According to the Enhance website, throughout Ethiopia, child marriage, female genital mutilation, trafficking for both labor and sex, violence against women and poverty “create an environment where the transition from the world of a girl to the world of a woman is a perilous journey.” The disproportionate threat to the female population, especially girls without a social network, is the reason Enhance is now sending 20 orphaned girls to school in Addis Ababa, and organizers hope to continue to support more. For Lackovich-Van Gorp, who worked for aid organizations in Addis Ababa for five years, the support for girls is essential to stopping the poverty cycle, and the Days for Girls kits will help these girls to not only stay in school but educate others about the value of women and their need for respect.

“This is a need that intersects with everything — when girls drop out of school during menstruation, they get behind their peers [missing up to two months of school per year], tend to drop out and either get locked into early marriage or become the victims of trafficking,” she said.

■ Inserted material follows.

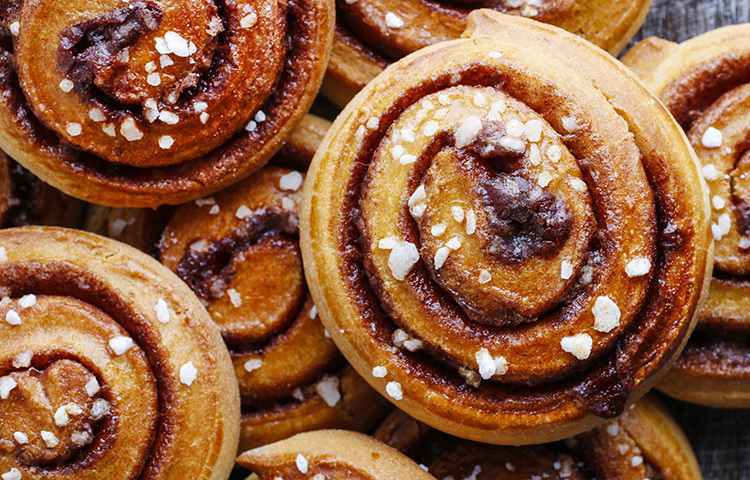 একটি সমীক্ষা থেকে জানা গেছে, মিষ্টি জাতীয় খাবার কগনিটিভ স্কিলে প্রভাব ফেলে। তাই কাজে বসার আগে বা কাজে যাওয়ার আগে মিষ্টি জাতীয় খাবার থেকে দূরে থাকা উচিত। এর বদলে সবুজ শাক-সবজি খেলে পেটও ভালো থাকবে, মানসিক চাপও হবে না। ছবি: সংগৃহীত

If Enhance can use the kits and their own donor support to empower these 20 girls, the group will have started a cycle in which more and more females are able to lift each other out of poverty and into lives of employment and independence.

“Ten years from now, here is a group of women born into a situation but got out and hopefully are able to help others out,” Lackovich-Van Gorp said.

A statement by one woman from Zimbabwe, whose testimony appears on the Days for Girls website, is evidence that the upward cycle can work. After receiving help from Days for Girls, she now helps to administer the program in her community.

“I am among thousands of girls in Zimbabwe who suffered during high school days. I used to hate my period … It meant l had to choose between humiliation of managing a period with no resources at school or stay at home. Most of the time I would end up using newspaper which used to give me rashes. I was very scared of messing my uniform ‘cause it had happened to me and to others and the boys in our class laughed at us. We would stop going for awhile. It seriously interrupted our learning. This project is my passion.”

With the most recent shipment of kits, Powell is taking a break from sewing for the month. But she intends to keep sewing for Days for Girls Yellow Springs, and invites anyone with either skills or interest to join the effort to make the next batch of kits for girls in some part of the world where there might be a need. Participation is also possible through donation of colorful 100 percent cotton fabrics, soap, washcloths or funds to purchase such materials. Prospective participants can check the Facebook page Days for Girls Yellow Springs for future meeting information.

Though she will sew alone, the last group of kits would not have gotten done in time without the “excellent team” of women who encouraged each other and made it fun.

“Really, when it’s a community effort, everyone’s part is important,” Powell said.